You are viewing a plain text version of this content. The canonical link for it is here.
Posted to user@spark.apache.org by Kishor Bachhav <kb...@pivotal.io> on 2015/10/28 13:52:50 UTC
nested select is not working in spark sql
Hi,
I am trying to execute below query in spark sql but throws exception
select n_name from NATION where n_regionkey = (select r_regionkey from
REGION where r_name='ASIA')
Exception:
Exception in thread "main" java.lang.RuntimeException: [1.55] failure:
``)'' expected but identifier r_regionkey found
select n_name from NATION where n_regionkey = (select r_regionkey from
REGION where r_name='ASIA')
^
at scala.sys.package$.error(package.scala:27)
at
org.apache.spark.sql.catalyst.AbstractSparkSQLParser.parse(AbstractSparkSQLParser.scala:36)
at
org.apache.spark.sql.SnappyParserDialect.parse(snappyParsers.scala:65)
at
org.apache.spark.sql.SQLContext$$anonfun$3.apply(SQLContext.scala:169)
at
org.apache.spark.sql.SQLContext$$anonfun$3.apply(SQLContext.scala:169)
at
org.apache.spark.sql.SparkSQLParser$$anonfun$org$apache$spark$sql$SparkSQLParser$$others$1.apply(SparkSQLParser.scala:115)
at
org.apache.spark.sql.SparkSQLParser$$anonfun$org$apache$spark$sql$SparkSQLParser$$others$1.apply(SparkSQLParser.scala:114)

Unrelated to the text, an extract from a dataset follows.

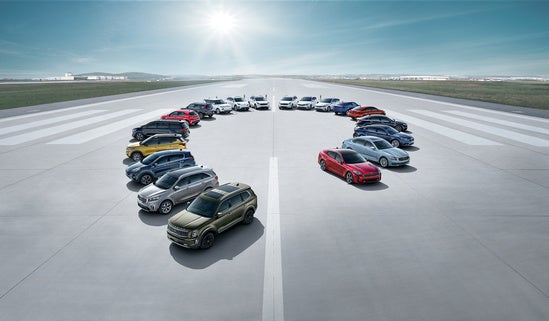 Kia lineup arranged in a large circle on a wide, open runway under a bright, clear sky.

at scala.util.parsing.combinator.Parsers$Success.map(Parsers.scala:136)
at scala.util.parsing.combinator.Parsers$Success.map(Parsers.scala:135)
at
scala.util.parsing.combinator.Parsers$Parser$$anonfun$map$1.apply(Parsers.scala:242)
at
scala.util.parsing.combinator.Parsers$Parser$$anonfun$map$1.apply(Parsers.scala:242)
at
scala.util.parsing.combinator.Parsers$$anon$3.apply(Parsers.scala:222)
at
scala.util.parsing.combinator.Parsers$Parser$$anonfun$append$1$$anonfun$apply$2.apply(Parsers.scala:254)
at
scala.util.parsing.combinator.Parsers$Parser$$anonfun$append$1$$anonfun$apply$2.apply(Parsers.scala:254)
at
scala.util.parsing.combinator.Parsers$Failure.append(Parsers.scala:202)
at
scala.util.parsing.combinator.Parsers$Parser$$anonfun$append$1.apply(Parsers.scala:254)
at
scala.util.parsing.combinator.Parsers$Parser$$anonfun$append$1.apply(Parsers.scala:254)
at
scala.util.parsing.combinator.Parsers$$anon$3.apply(Parsers.scala:222)
at
scala.util.parsing.combinator.Parsers$$anon$2$$anonfun$apply$14.apply(Parsers.scala:891)
at
scala.util.parsing.combinator.Parsers$$anon$2$$anonfun$apply$14.apply(Parsers.scala:891)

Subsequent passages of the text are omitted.